- _The input_

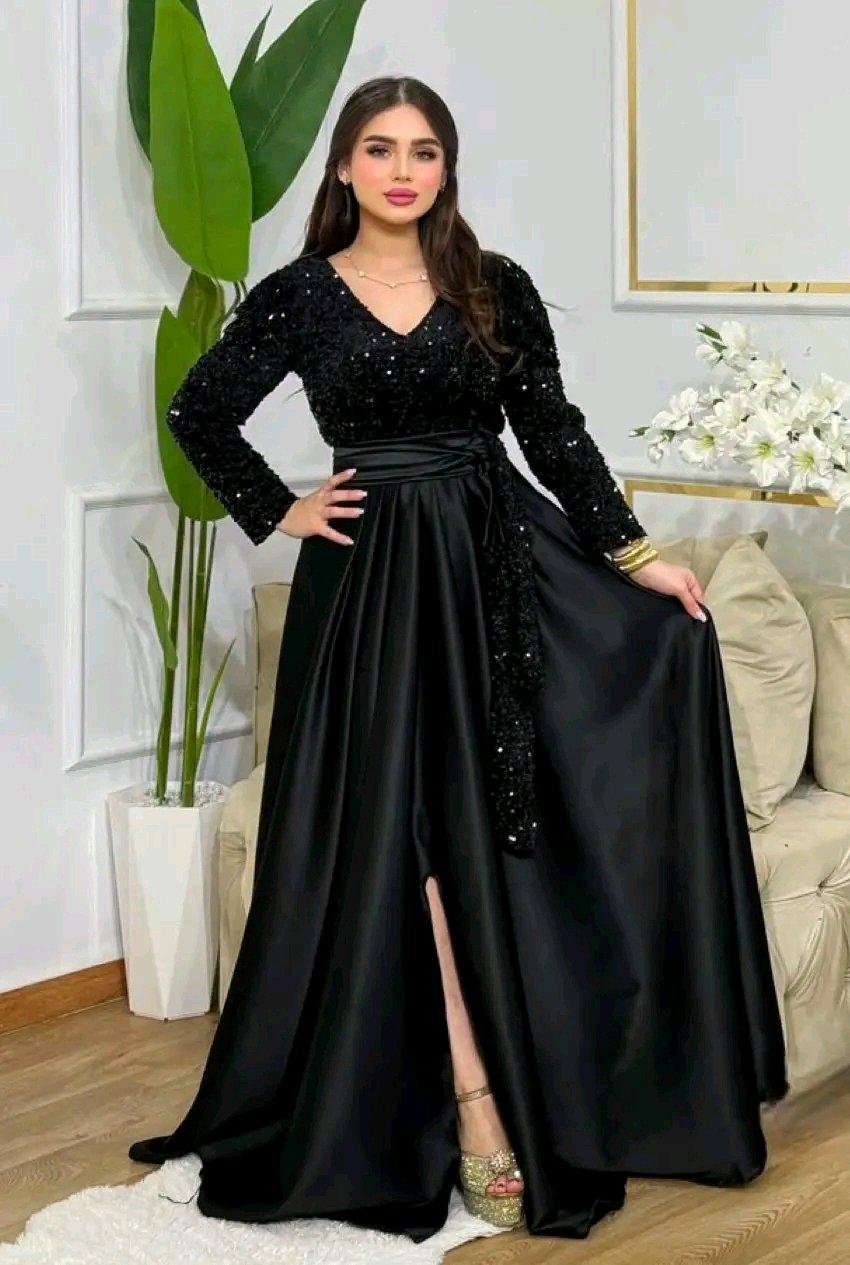 صواري معدس1 - Alger Centre, Alger - Tijelabin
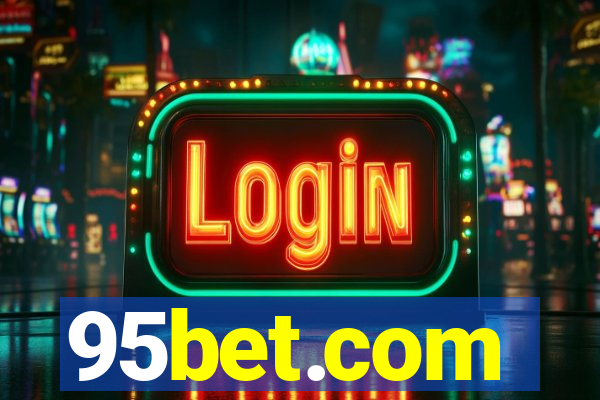 95bet.com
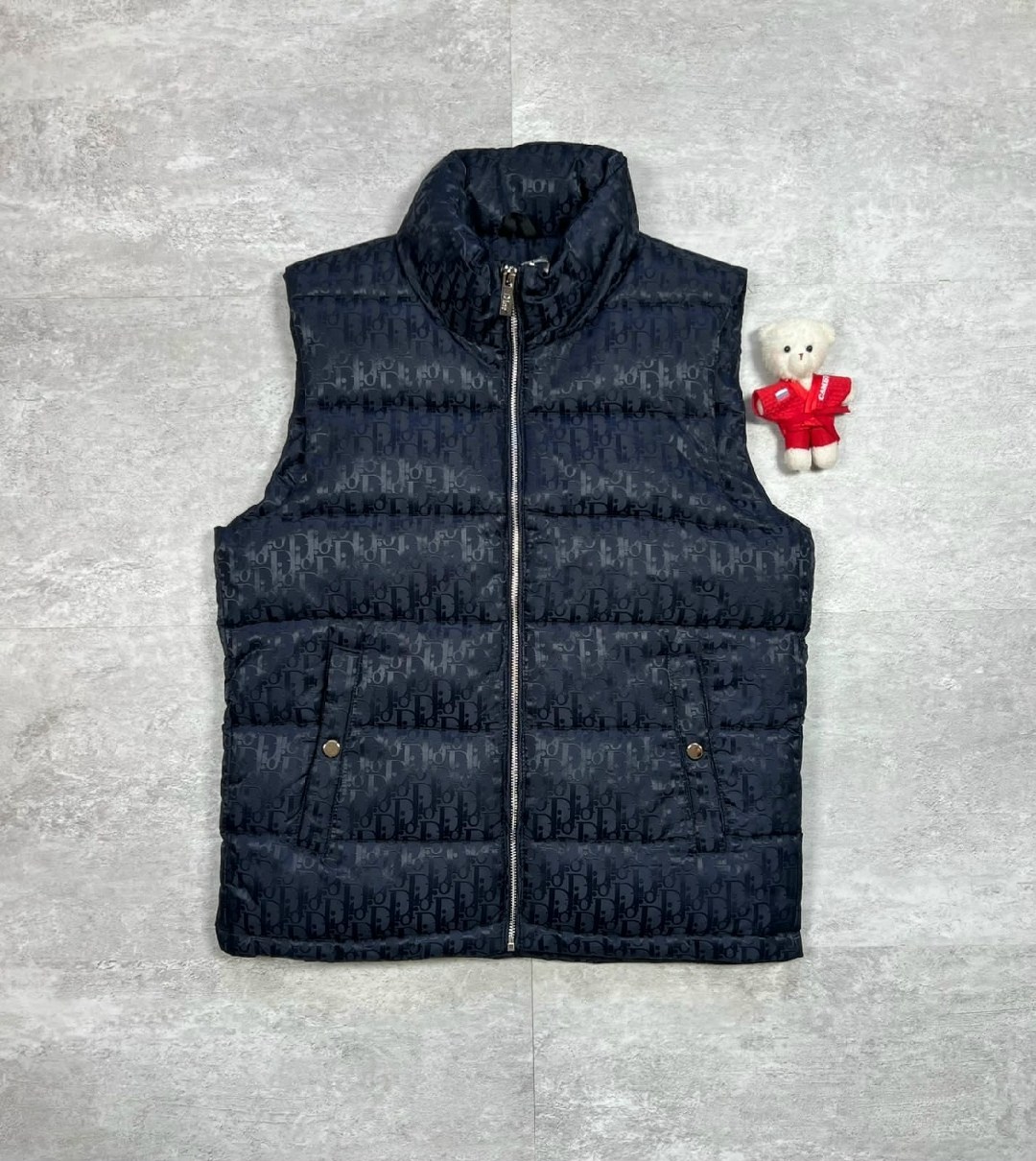 жилет,жилетка dior,жилет для мужчин плащевка,жилетка,жилет плащевка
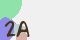 securitycode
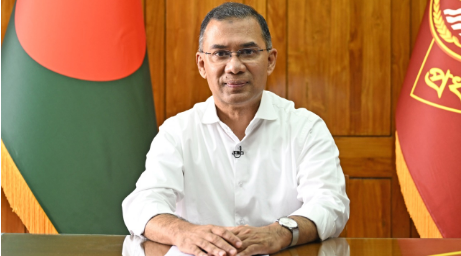 যমুনায় আপাতত উঠছেন না প্রধানমন্ত্রী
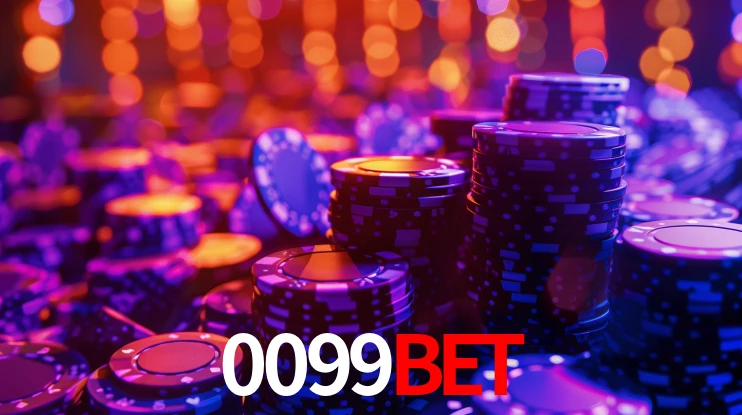 0099 BET vip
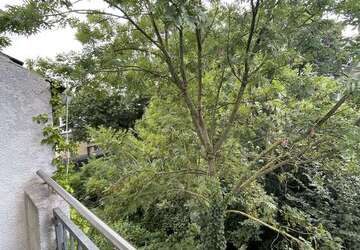 Wohnung Dortmund Gartenstadt - 3 Zimmer, 71 m&sup2;, 600&euro; | Angebot:27111896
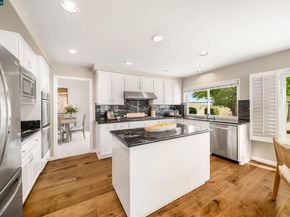 25 Greenridge Pl, Danville CA 94506
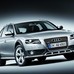 A4 allroad 3.0 TDI quattro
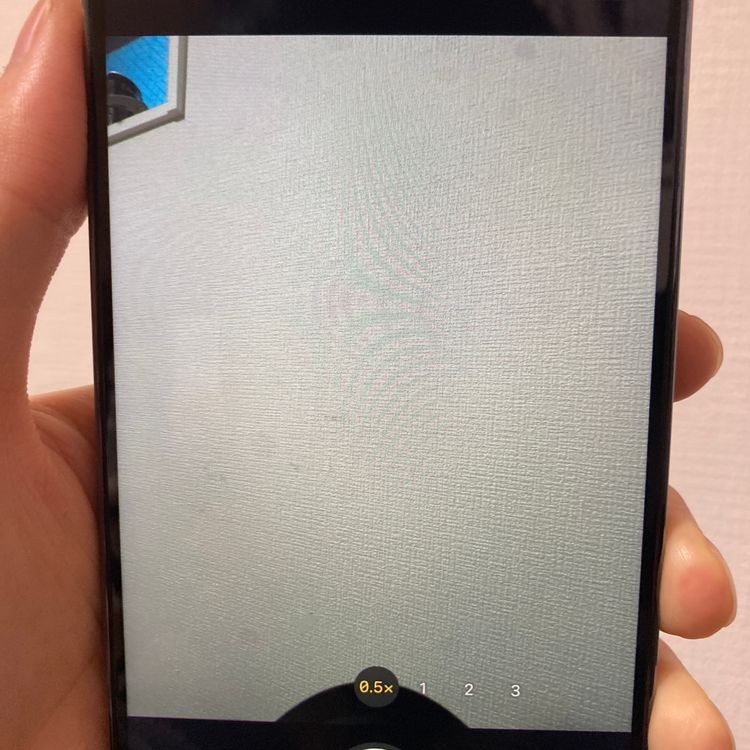 ڥХåƥ꡼100%iPhone14ProMax	ǥץѡץ 256GB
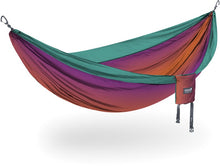 Load image into Gallery viewer, Eno | DoubleNest Hammock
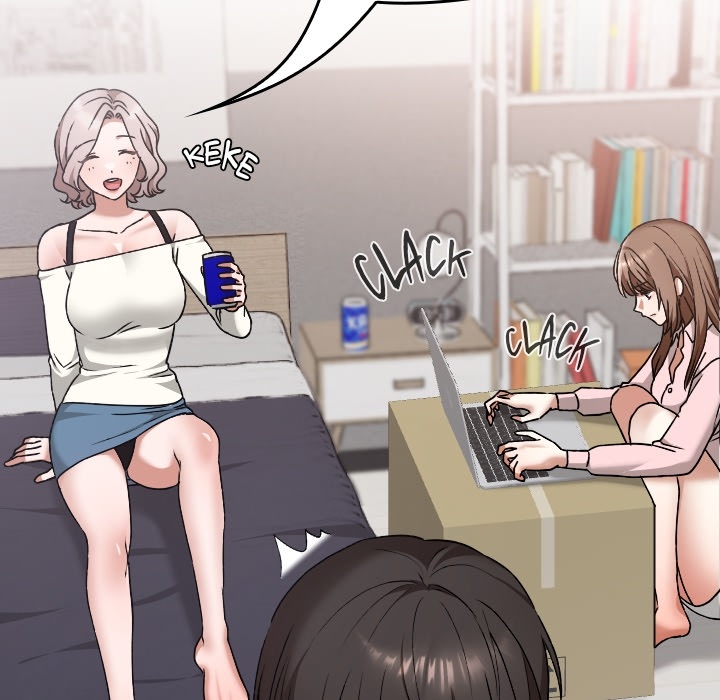 Don't Tell Anyone at School! - UNCENSORED - episode 11 - 10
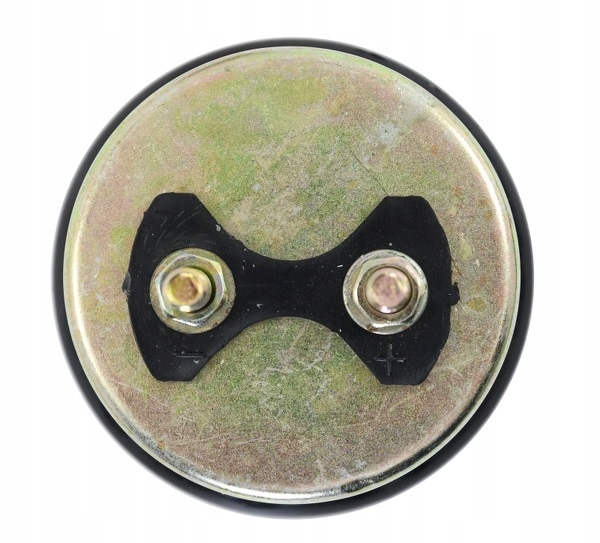 AMPEROMIERZ T-25 T25 WSKAŹNIK PRĄDU Producent części Sensor Mila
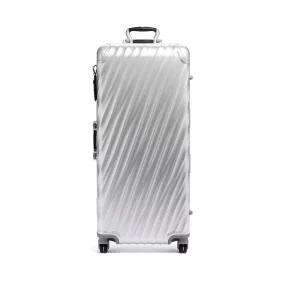 TUMI 19 DEGREE ALUMINIJUM KOFER VELIČINE XL - Img 2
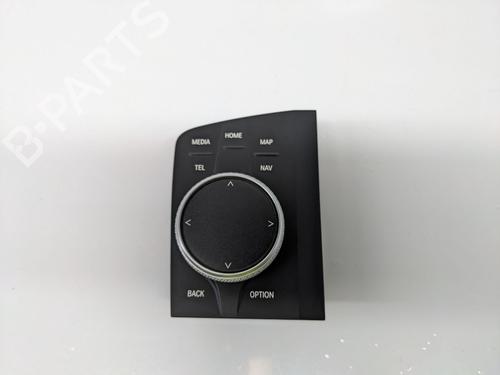 Elektronisk modul BMW i4 (G26) eDrive40 | BP29689967M83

- _Problem description_
The answer must be an exact copy of the lines from the one with "AMPEROMIERZ T-25 T25" through the final line above, both ends included, and nothing else; pictures stay out.

- _Response area_
 AMPEROMIERZ T-25 T25 WSKAŹNIK PRĄDU Producent części Sensor Mila
 TUMI 19 DEGREE ALUMINIJUM KOFER VELIČINE XL - Img 2
 Elektronisk modul BMW i4 (G26) eDrive40 | BP29689967M83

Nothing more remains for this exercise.